Data below
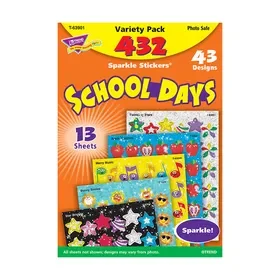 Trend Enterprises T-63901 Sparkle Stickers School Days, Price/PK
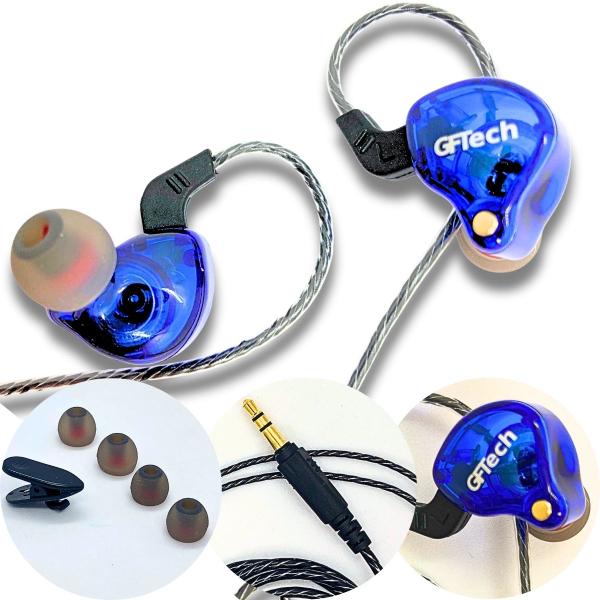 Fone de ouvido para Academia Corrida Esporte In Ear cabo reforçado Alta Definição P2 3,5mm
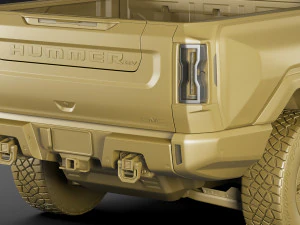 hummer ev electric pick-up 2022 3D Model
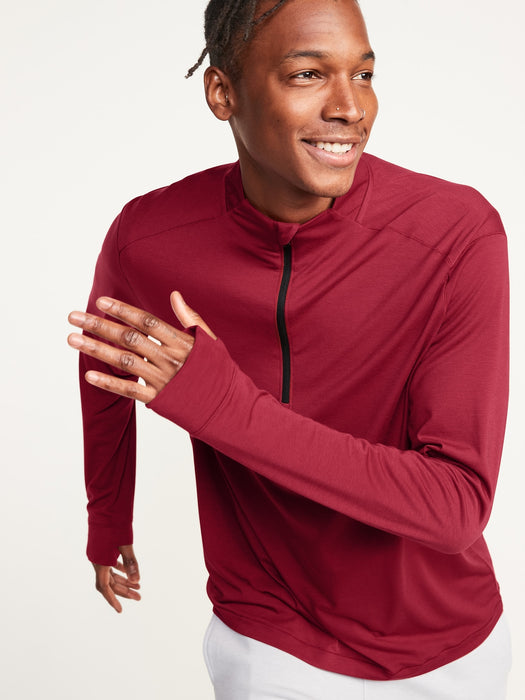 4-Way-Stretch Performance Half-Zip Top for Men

Work request
The material is to be written out word for word, and the pictures are to be left out.

Written solution
 Trend Enterprises T-63901 Sparkle Stickers School Days, Price/PK
 Fone de ouvido para Academia Corrida Esporte In Ear cabo reforçado Alta Definição P2 3,5mm
 hummer ev electric pick-up 2022 3D Model
 4-Way-Stretch Performance Half-Zip Top for Men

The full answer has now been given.